= INSTRUCTIONS FOR THE TASK =
Include no pictures. Output exactly the lines from the one that contains "амортизатор крышки багажника" through the final line of the entries.

[DATA FOR REVIEW Boundary: Start]

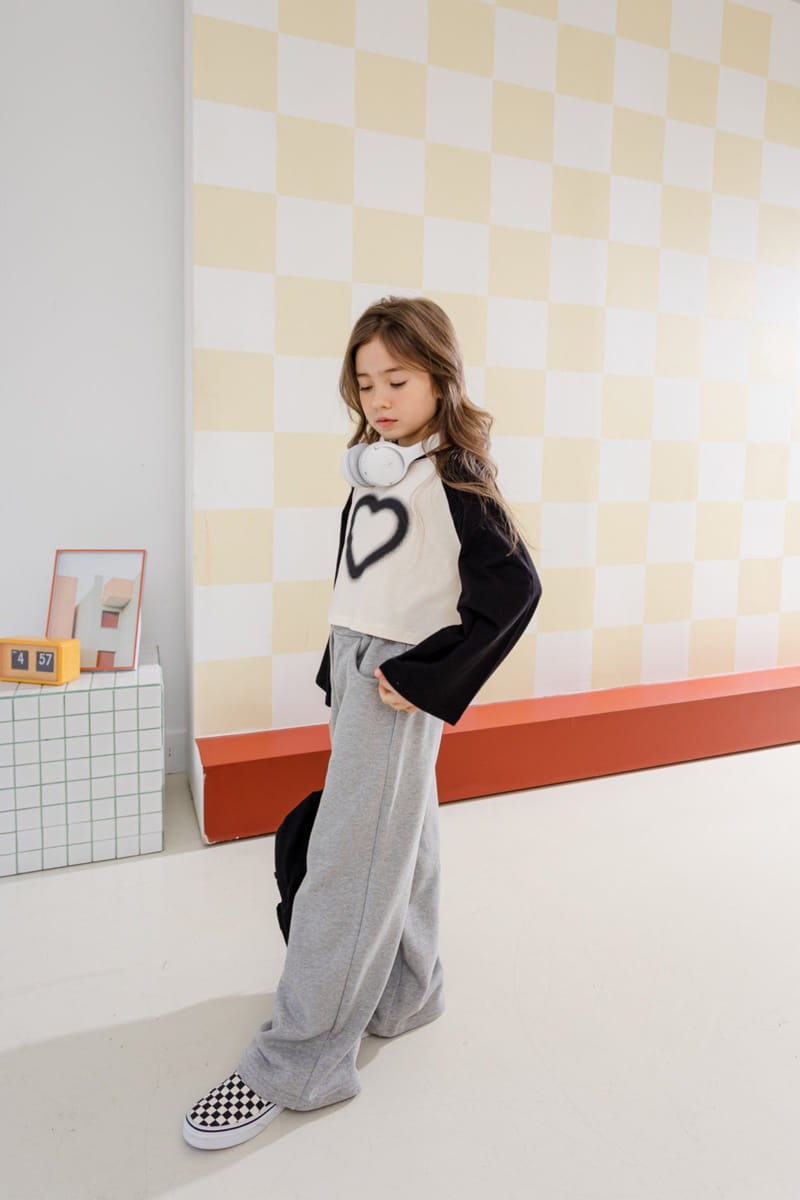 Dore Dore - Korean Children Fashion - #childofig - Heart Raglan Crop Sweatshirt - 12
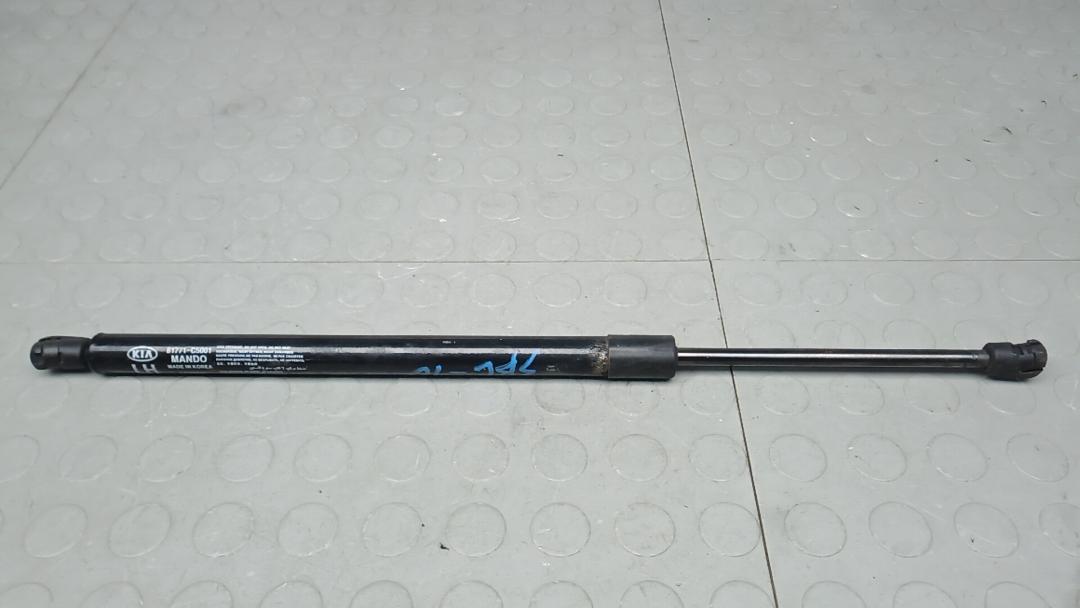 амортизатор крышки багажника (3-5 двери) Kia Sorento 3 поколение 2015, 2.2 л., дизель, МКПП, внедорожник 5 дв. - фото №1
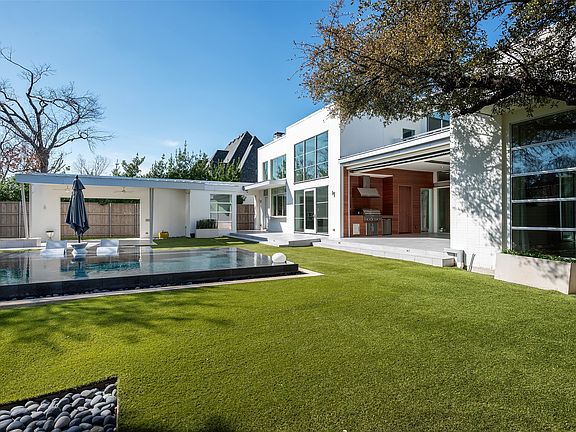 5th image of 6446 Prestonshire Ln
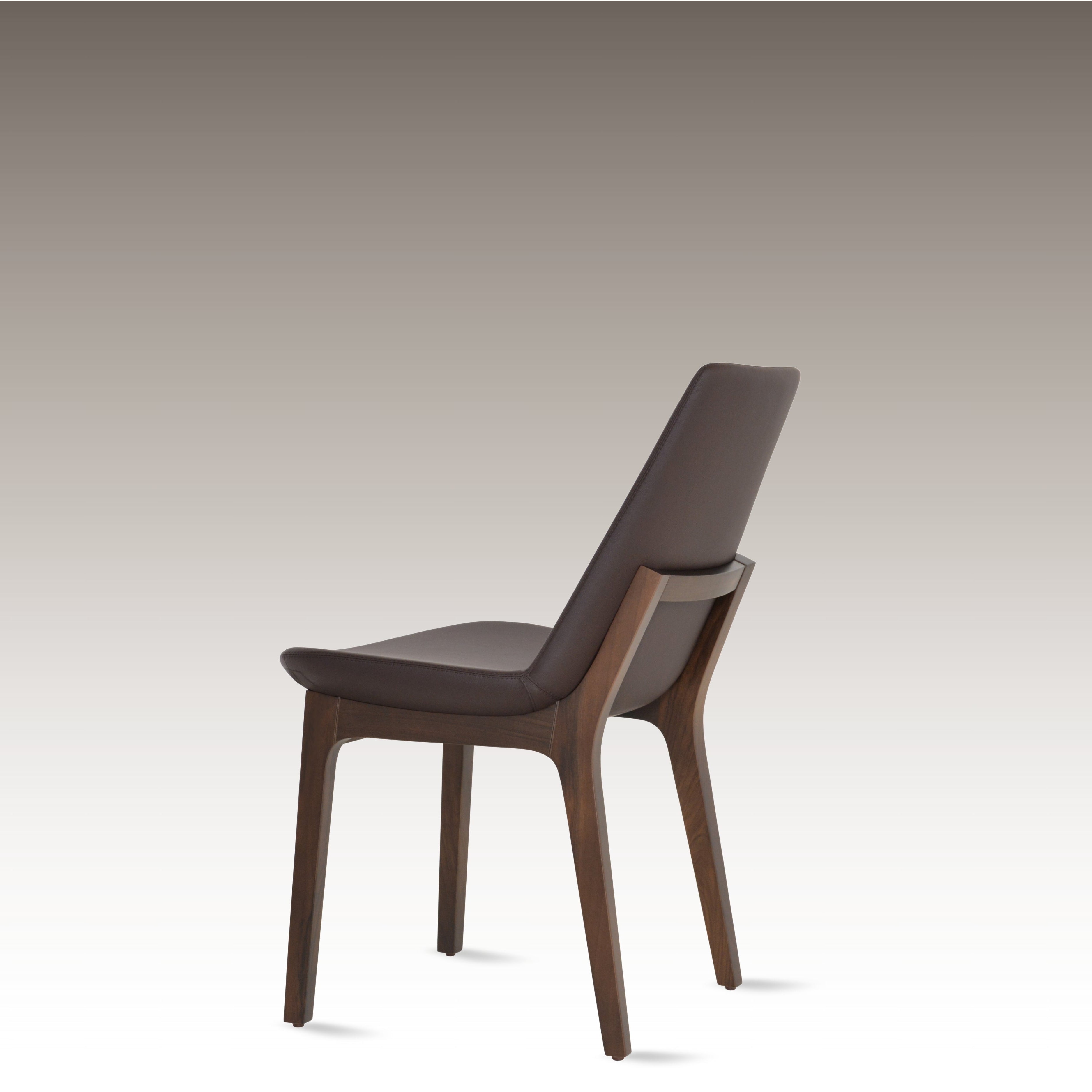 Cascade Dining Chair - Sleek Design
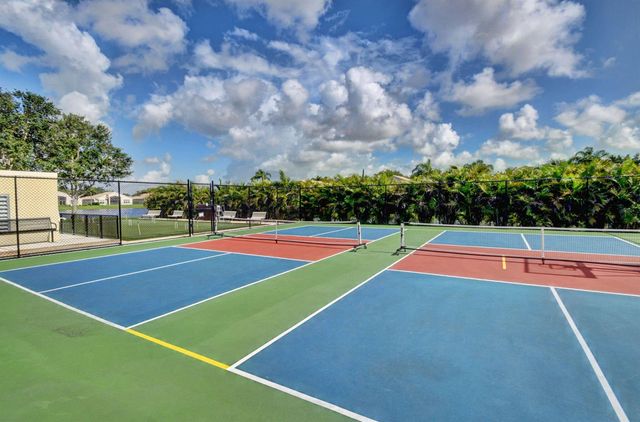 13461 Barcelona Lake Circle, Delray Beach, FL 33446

[DATA FOR REVIEW Boundary: End]

= REPLY =
 амортизатор крышки багажника (3-5 двери) Kia Sorento 3 поколение 2015, 2.2 л., дизель, МКПП, внедорожник 5 дв. - фото №1
 5th image of 6446 Prestonshire Ln
 Cascade Dining Chair - Sleek Design
 13461 Barcelona Lake Circle, Delray Beach, FL 33446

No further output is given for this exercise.